OpenMP integer copied after tasks finish

OpenMP integer copied after tasks finish - c++

I do not know if this is documented anywhere, if so I would love a reference to it, however I have found some unexpected behaviour when using OpenMP. I have a simple program below to illustrate the issue. Here in point form I will tell what I expect the program to do:
I want to have 2 threads
They both share an integer
The first thread increments the integer
The second thread reads the integer
Ater incrementing once, an external process must tell the first thread to continue incrementing (via a mutex lock)
The second thread is in charge of unlocking this mutex
As you will see, the counter which is shared between the threads is not altered properly for the second thread. However, if I turn the counter into an integer refernce instead, I get the expected result. Here is a simple code example:
#include <mutex>
#include <thread>
#include <chrono>
#include <iostream>
#include <omp.h>
using namespace std;
using std::this_thread::sleep_for;
using std::chrono::milliseconds;
const int sleep_amount = 2000;
int main() {
int counter = 0; // if I comment this and uncomment the 2 lines below, I get the expected results
/* int c = 0; */
/* int &counter = c; */
omp_lock_t mut;
omp_init_lock(&mut);
int counter_1, counter_2;
#pragma omp parallel
#pragma omp single
{
#pragma omp task default(shared)
// The first task just increments the counter 3 times
{
while (counter < 3) {
omp_set_lock(&mut);
counter += 1;
cout << "increasing: " << counter << endl;
}
}
#pragma omp task default(shared)
{
sleep_for(milliseconds(sleep_amount));
// While sleeping, counter is increased to 1 in the first task
counter_1 = counter;
cout << "counter_1: " << counter << endl;
omp_unset_lock(&mut);
sleep_for(milliseconds(sleep_amount));
// While sleeping, counter is increased to 2 in the first task
counter_2 = counter;
cout << "counter_2: " << counter << endl;
omp_unset_lock(&mut);
// Release one last time to increment the counter to 3
}
}
omp_destroy_lock(&mut);
cout << "expected: 1, actual: " << counter_1 << endl;
cout << "expected: 2, actual: " << counter_2 << endl;
cout << "expected: 3, actual: " << counter << endl;
}
Here is my output:
increasing: 1
counter_1: 0
increasing: 2
counter_2: 0
increasing: 3
expected: 1, actual: 0
expected: 2, actual: 0
expected: 3, actual: 3
gcc version: 9.4.0
Additional discoveries:
If I use OpenMP 'sections' instead of 'tasks', I get the expected result as well.
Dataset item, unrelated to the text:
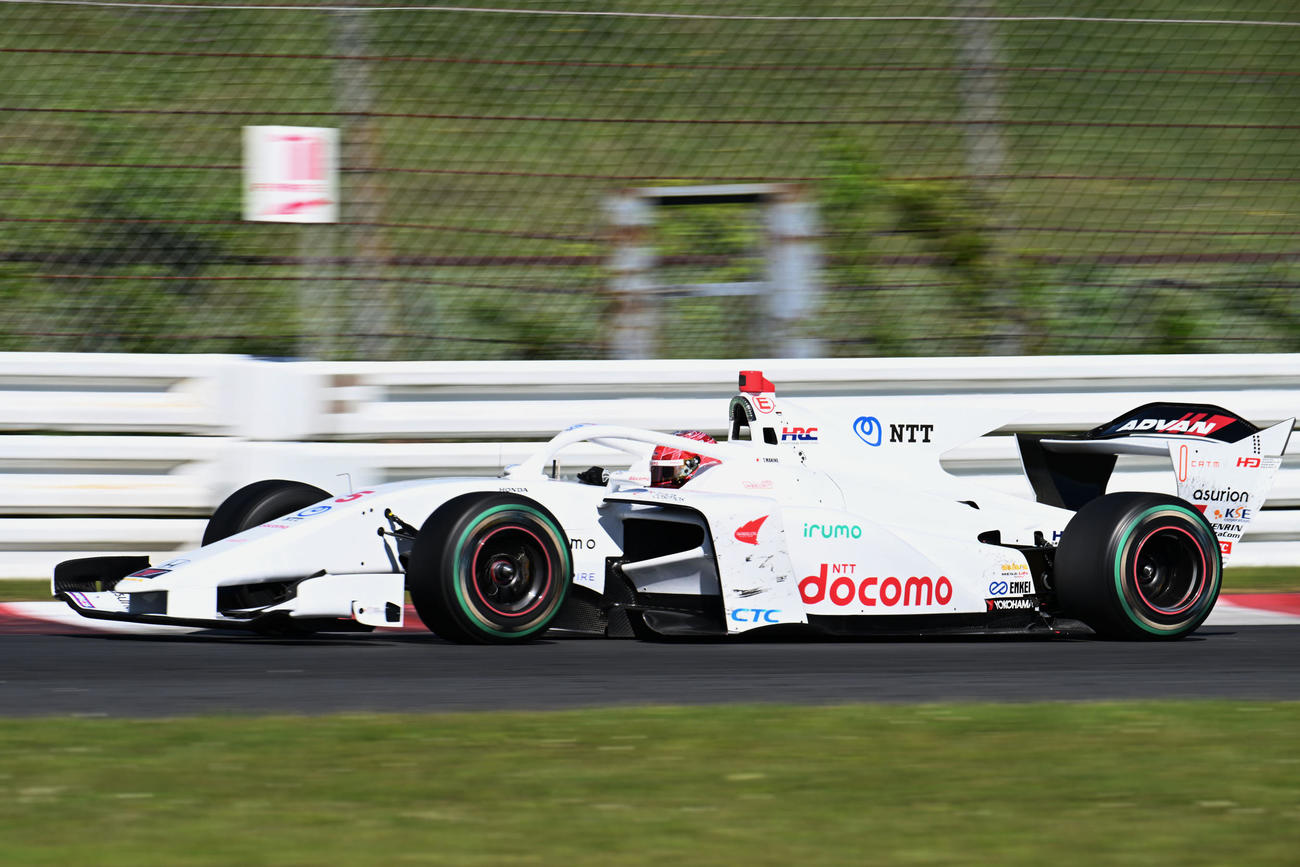 スーパーフォーミュラ第2戦　初優勝を飾った5号車牧野（撮影・林敢治）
The problem seems to be with 'tasks' specifically
If I use posix semaphores, this problem also persists.

This is not permitted to unlock a mutex from another thread. Doing it causes an undefined behavior. The general solution is to use semaphores in this case. Wait conditions can also help (regarding the real-world use cases). To quote the OpenMP documentation (note that this constraint is shared by nearly all mutex implementation including pthreads):
A program that accesses a lock that is not in the locked state or that is not owned by the task that contains the call through either routine is non-conforming.
A program that accesses a lock that is not in the uninitialized state through either routine is non-conforming.
Moreover, the two tasks can be executed on the same thread or different threads. You should not assume anything about their scheduling unless you tell OpenMP to do so with dependencies. Here, it is completely compliant for a runtime to execute the tasks serially. You need to use OpenMP sections so multiple threads execute different sections. Besides, it is generally considered as a bad practice to use locks in tasks as the runtime scheduler is not aware of them.
Finally, you do not need a lock in this case: an atomic operation is sufficient. Fortunately, OpenMP supports atomic operations (as well as C++).
Additional notes
Note that locks guarantee the consistency of memory accesses in multiple threads thanks to memory barriers. Indeed, an unlock operation on a mutex cause a release memory barrier that make writes visible from others threads. A lock from another thread do an acquire memory barrier that force reads to be done after the lock. When lock/unlocks are not used correctly, the way memory accesses are done is not safe anymore and this cause some variable not to be updated from other threads for example. More generally, this also tends to create race conditions. Thus, put it shortly, don't do that.

Related

Do spinlocks guarantee context switching when compared to mutexes

Consider the following code snippet
int index = 0;
av::utils::Lock lock(av::utils::Lock::EStrategy::eMutex); // Uses a mutex or a spin lock based on specified strategy.
void fun()
{
for (int i = 0; i < 100; ++i)
{
lock.aquire();
++index;
std::cout << "thread " << std::this_thread::get_id() << " index = " << index << std::endl;
std::this_thread::sleep_for(std::chrono::milliseconds(500));
lock.release();
}
}
int main()
{
std::thread t1(fun);
std::thread t2(fun);
t1.join();
t2.join();
}
The output that I get with a mutex used for synchronization is first thread 1 gets executed completely followed by thread 2.
While using a spinlock(implemented using std::atomic_flag), I get the order of execution between the threads which is interleaved (one iteration of thread 1 followed by another iteration of thread 2). The latter case happens irrespective of the delay I add in execution of the iteration.
I understand that a mutex only guarantees mutual exclusion and not the order of execution. The question I have is if I want to have an execution order such that two threads are executed in an interleaved manner, is using spinlocks a recommended strategy or not?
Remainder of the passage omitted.